BEGIN Record extracts

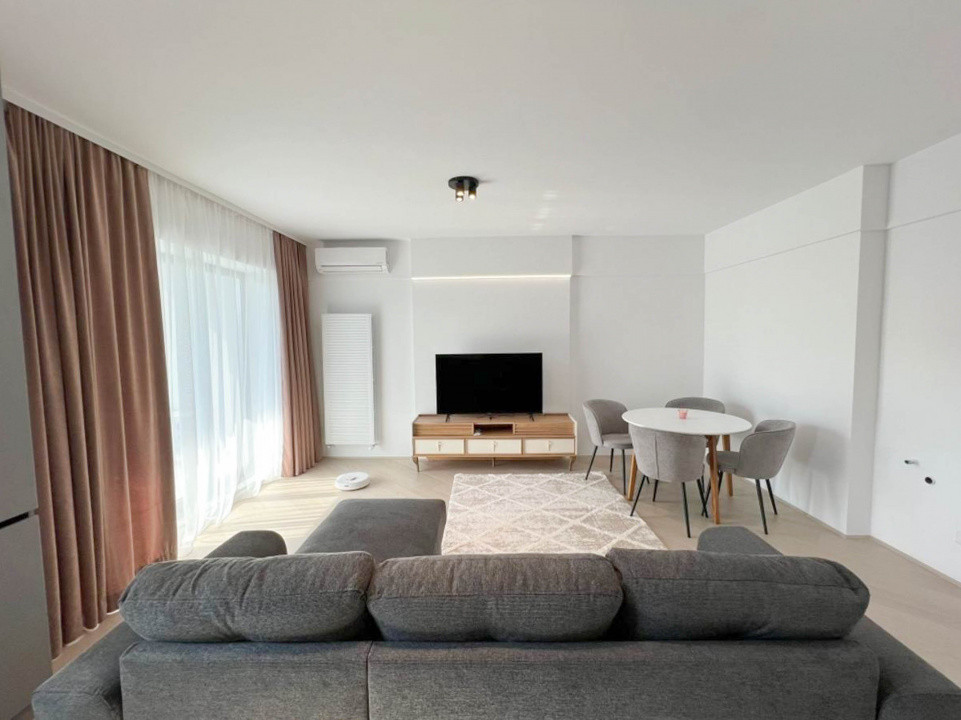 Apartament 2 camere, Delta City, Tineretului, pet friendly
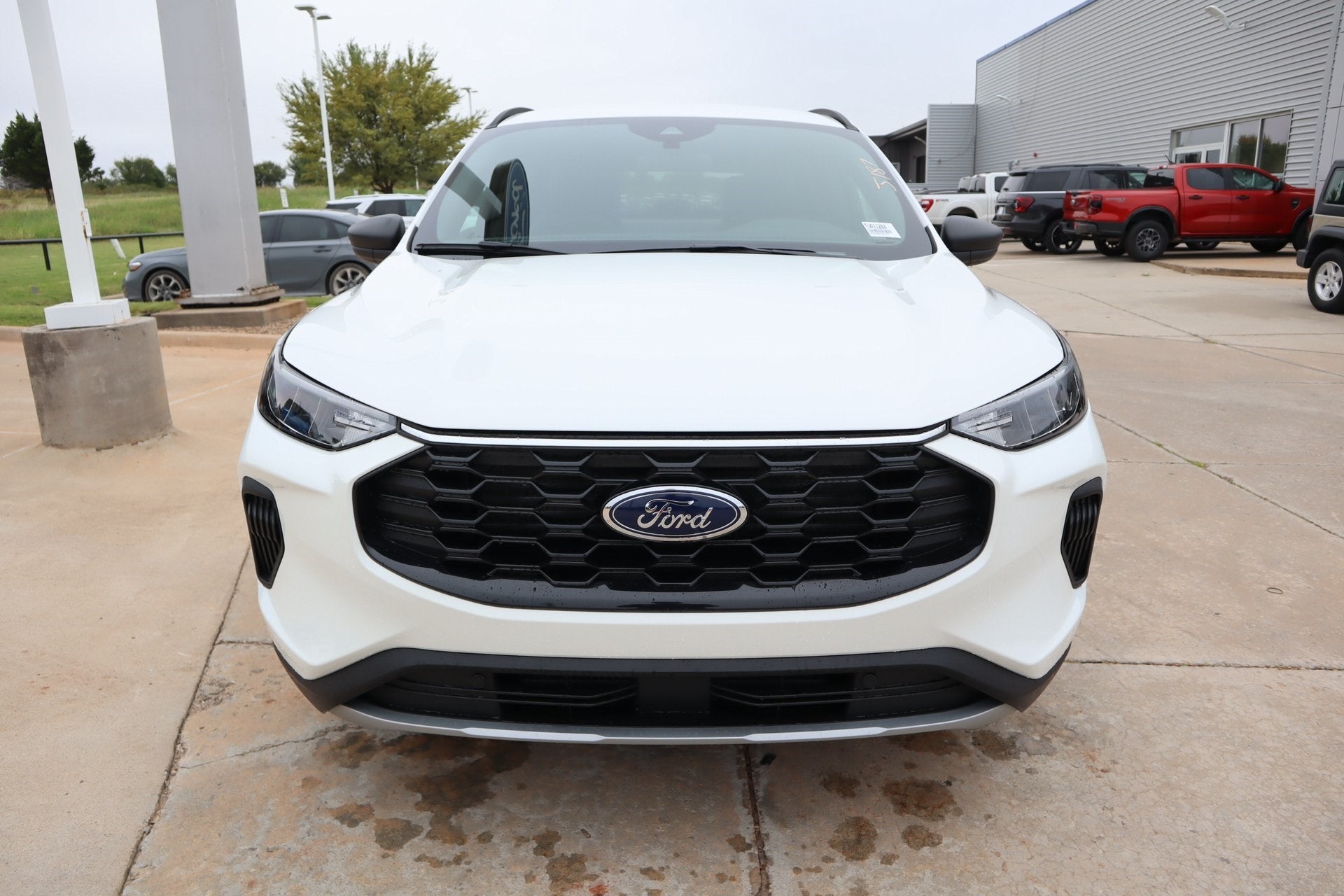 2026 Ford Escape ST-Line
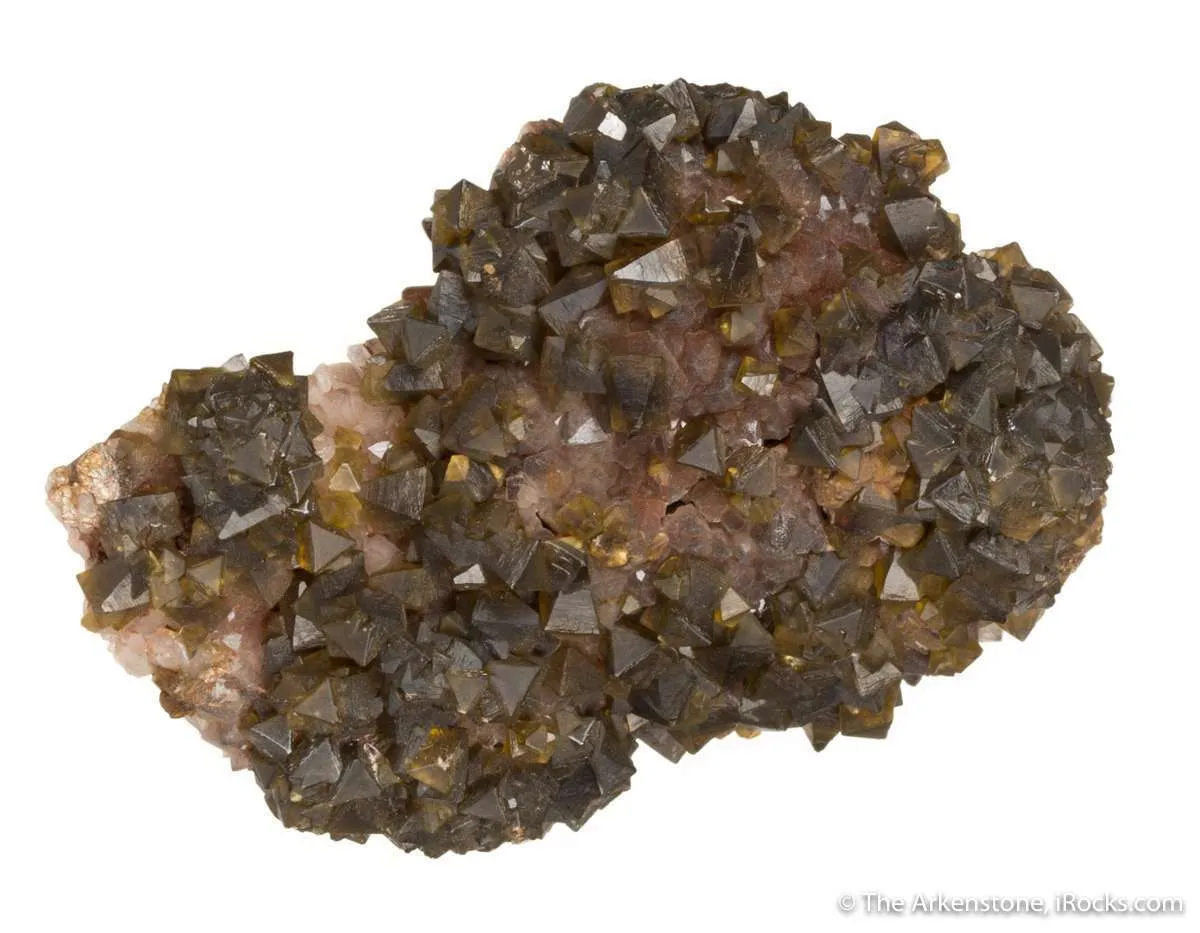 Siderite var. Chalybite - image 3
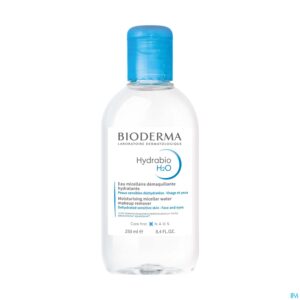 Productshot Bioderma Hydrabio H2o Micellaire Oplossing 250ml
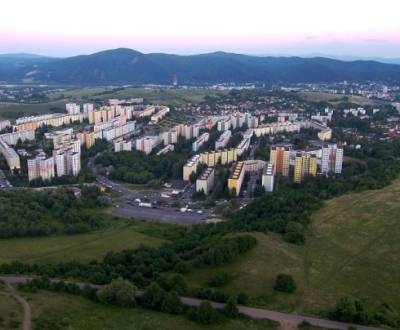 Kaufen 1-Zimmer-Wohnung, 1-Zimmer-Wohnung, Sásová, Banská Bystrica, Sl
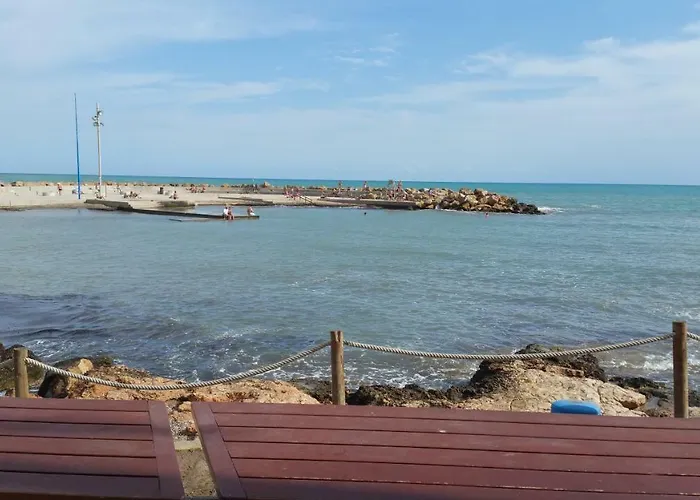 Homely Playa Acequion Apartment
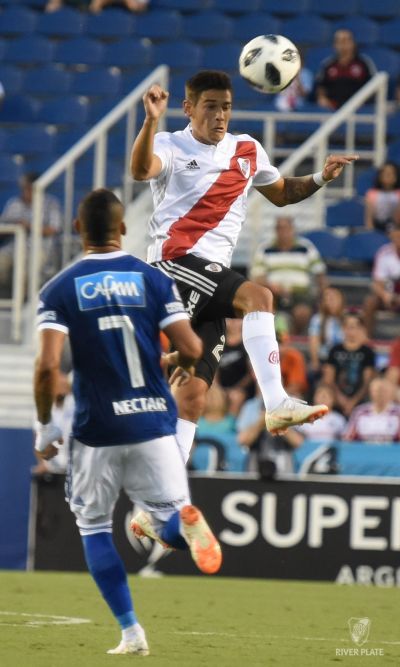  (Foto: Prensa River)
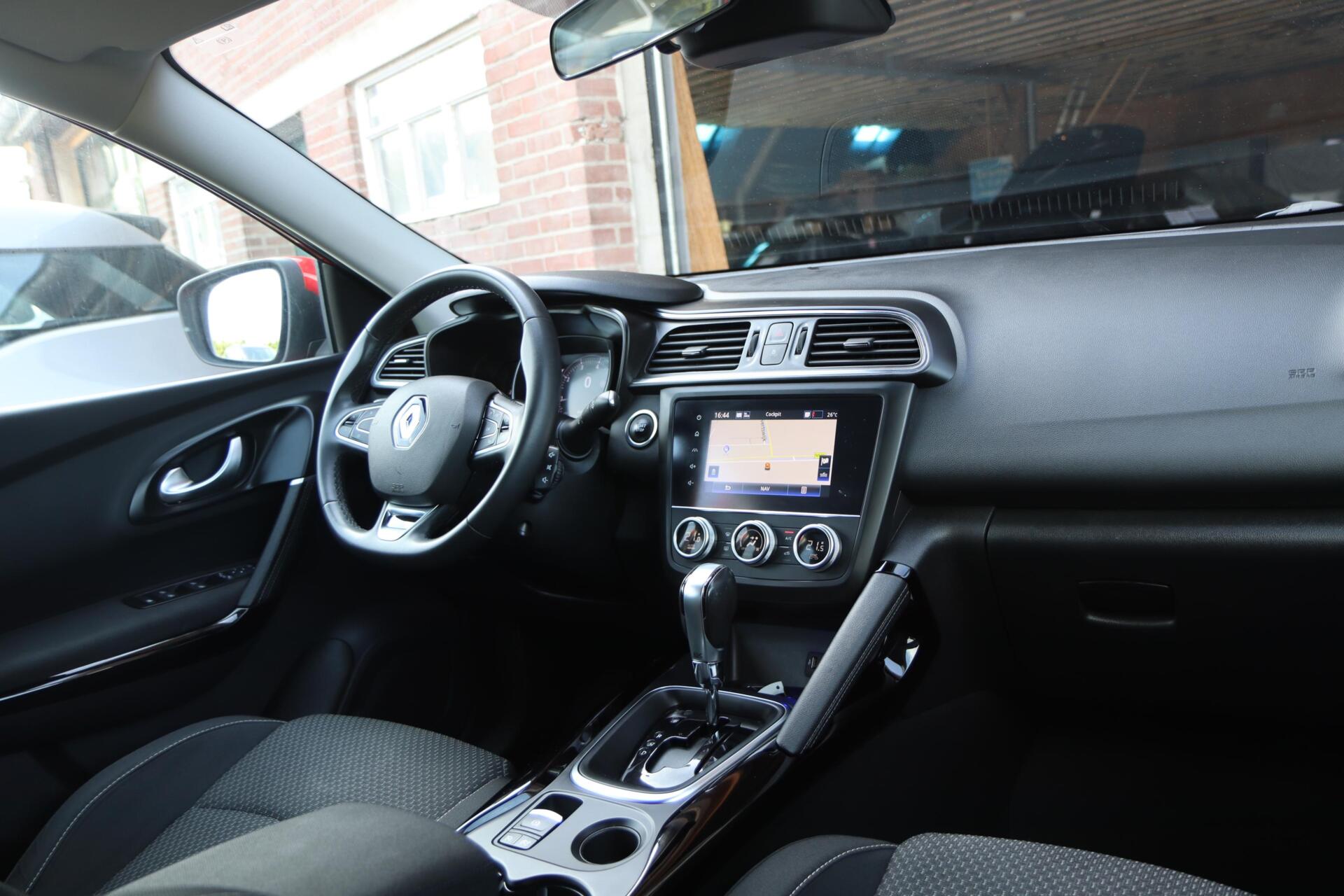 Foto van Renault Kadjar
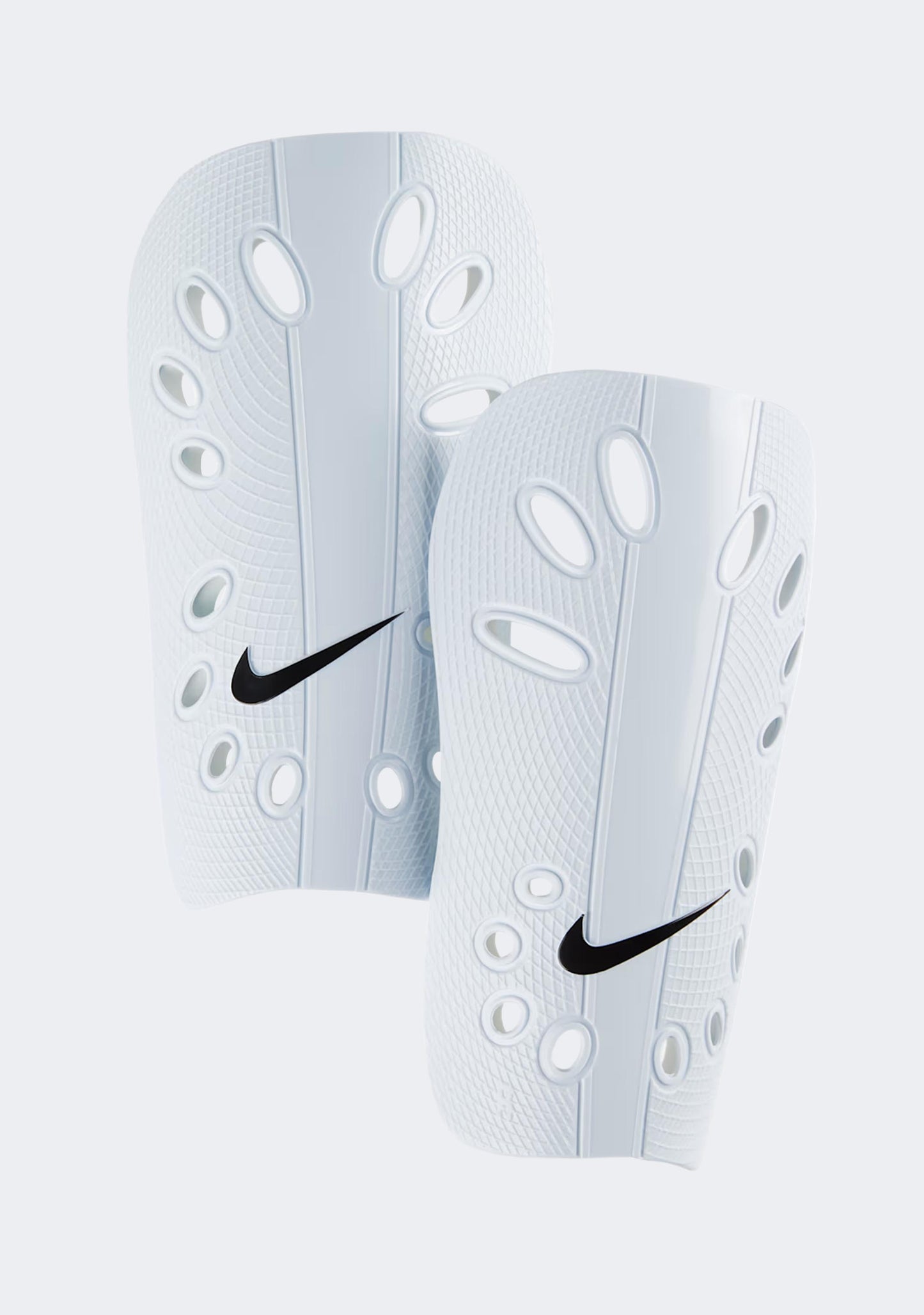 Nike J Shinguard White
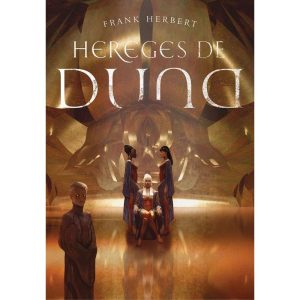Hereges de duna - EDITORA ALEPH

END Record extracts

• [Your objective]: Return only the lines from the one containing "Homely Playa Acequion Apartment" through the last line of the entries above, exactly as written and without pictures.

• [Response]:
 Homely Playa Acequion Apartment
  (Foto: Prensa River)
 Foto van Renault Kadjar
 Nike J Shinguard White
Hereges de duna - EDITORA ALEPH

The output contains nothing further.